Not long after, Donovan became the first of many British pop stars rounded up by the drug squad — with members of the Stones and Beatles close behind.
“Season of the Witch” wasn’t a drug song, really, but its stoner vibe and spooky-surreal lyrics caught the fancy of many of the era’s underground bands. The song also proved a terrific framework for jamming. The spell never was broken — “Witch” remains among the most covered songs of 1960s rock.
“How dare I be so cool? It’s a magic track,” the songwriter says of the song’s enduring attraction for musicians. He calls it “a very modern jam.”
Donovan’s own recording remains a classic, recorded in Hollywood and clocking in at 5 minutes. He played it with Bobby Ray (bass) and “Fast” Eddy Hoh, although the electric guitar work has been credited by fans to Jimmy Page, who worked on the album. (The Hollywood session notes do not indicate Page was present.) The organist is unidentified.
The next year saw a pair of superb “Season of the Witch” covers: The wah-drenched “Super Session” workout by Stephen Stills and Al Kooper, running 11 minutes and also featuring drummer Hoh. And the Brian Auger, Julie Driscoll & the Trinity take of almost 8 minutes. And then in 1968, Terry Reid belted out 10 minutes of potent “Witch”-craft.
The song is simple, two dark chords: A7 and D7 (A5/D5 and A7/D9 work, too). Donovan’s pal Shawn Phillips, who played on the Hollywood sessions, says he co-wrote the music, which makes sense given the textural drone. (“I would be playing, and he’d start making up words,” Phillips has said of the “Sunshine Superman” album.)

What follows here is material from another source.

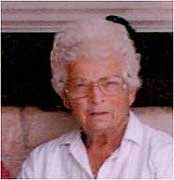 Teresa Anna (Wiedmeyer) Hembel
(1915-2010)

The song’s narrator has been cast as a schizophrenic (“so many different people to be”) or someone freaking out on acid. Paranoia permeates:
When I look over my shoulder,
What do you think I see?
Some other cat looking over
His shoulder at me
And he’s strange, sure he’s strange.
The supernatural may or may not be in play, owing to the title and these mysterious phrases:
You’ve got to pick up every stitch
The rabbits running in the ditch
“There’s something kind of ritualistic about it,” Donovan has said. “Maybe it is the first kind of Celtic-rock thing I was doing.”
The film and TV industries certainly picked up on the supernatural tone. “Season of the Witch” remains a go-to soundtrack number when a hip creepy vibe is required. At least three horror films borrowed the title. And several books, including the upcoming “Season of the Witch: How the Occult Saved Rock ‘n’ Roll.”